Midweek Musings

"Good News”


      There was a man who ran a convenience store near where I pastored my first parish. I’d go in a few times every week to buy a soda or fill up my gas tank. The merchant knew me from the neighborhood; he wasn’t a member of my church but we met when I moved into his community. After introducing myself as local clergy he began greeting me the same way every time I went into his store.

           “What’s the good news, Preacher?” he would ask and I would reply in some witty manner, spouting off some report about the fine weather heading our way or the recent victory of a local sports team, the kindnesses of strangers, the hope for our youth. I always made sure I had something that would make him smile in agreement, something to say that could be counted as good news.
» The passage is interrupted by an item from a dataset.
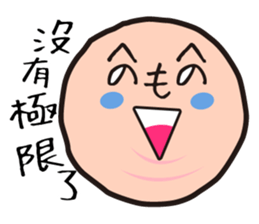 Mr. Hey:High school student is crazy!!! sticker #12653429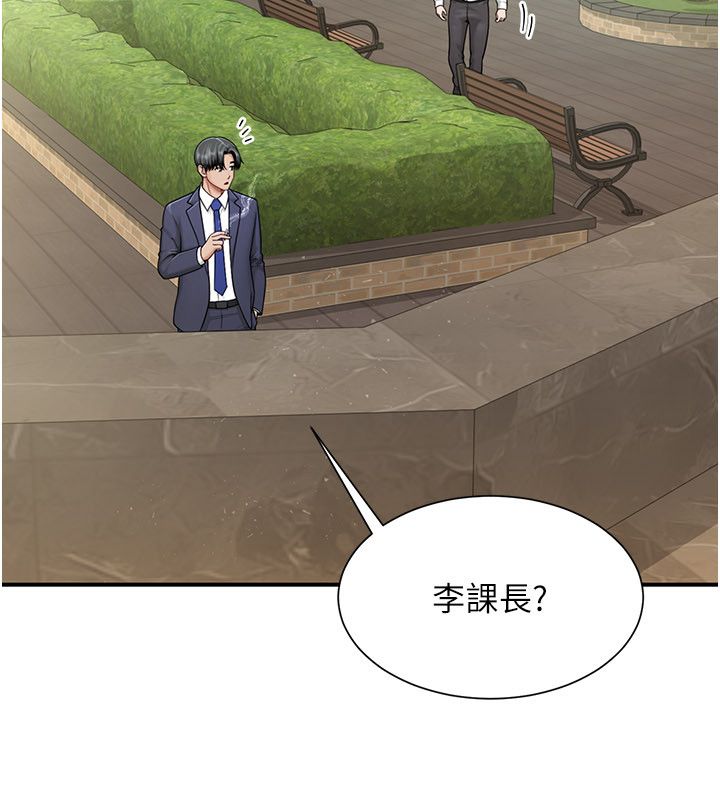 第9话-我们只是砲友吗?-砲友满屋-Abaringgo,叮精灵,贤琳（第31张）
           Some weeks I struggled. Once there was a traffic accident right in front of his store, a woman was killed. There were national tragedies, a teenager in the community committed suicide. Lots of things happened while I was there, lots of bad things, terrible things; but even though we both knew what was foremost on our minds, what everybody else was talking about, what hard sorrow our families and friends were facing, he asked me the same question and I made sure to have some answer. It just became the way we said hello.

           I thought about this man as I sat down to write this musing. It’s been more than thirty years since I used to see him, more than twenty since he died; but his question still speaks to me, makes me struggle. There’s the aftermath of a terrible hurricane and a war raging in Ukraine. There are major issues of social justice, mental health concerns, always more suicides. There is racial unrest and more mass shootings. And still, there is this question put to people of faith, the question raised by people needing something that will unite and not divide, something that is hopeful and encouraging and true.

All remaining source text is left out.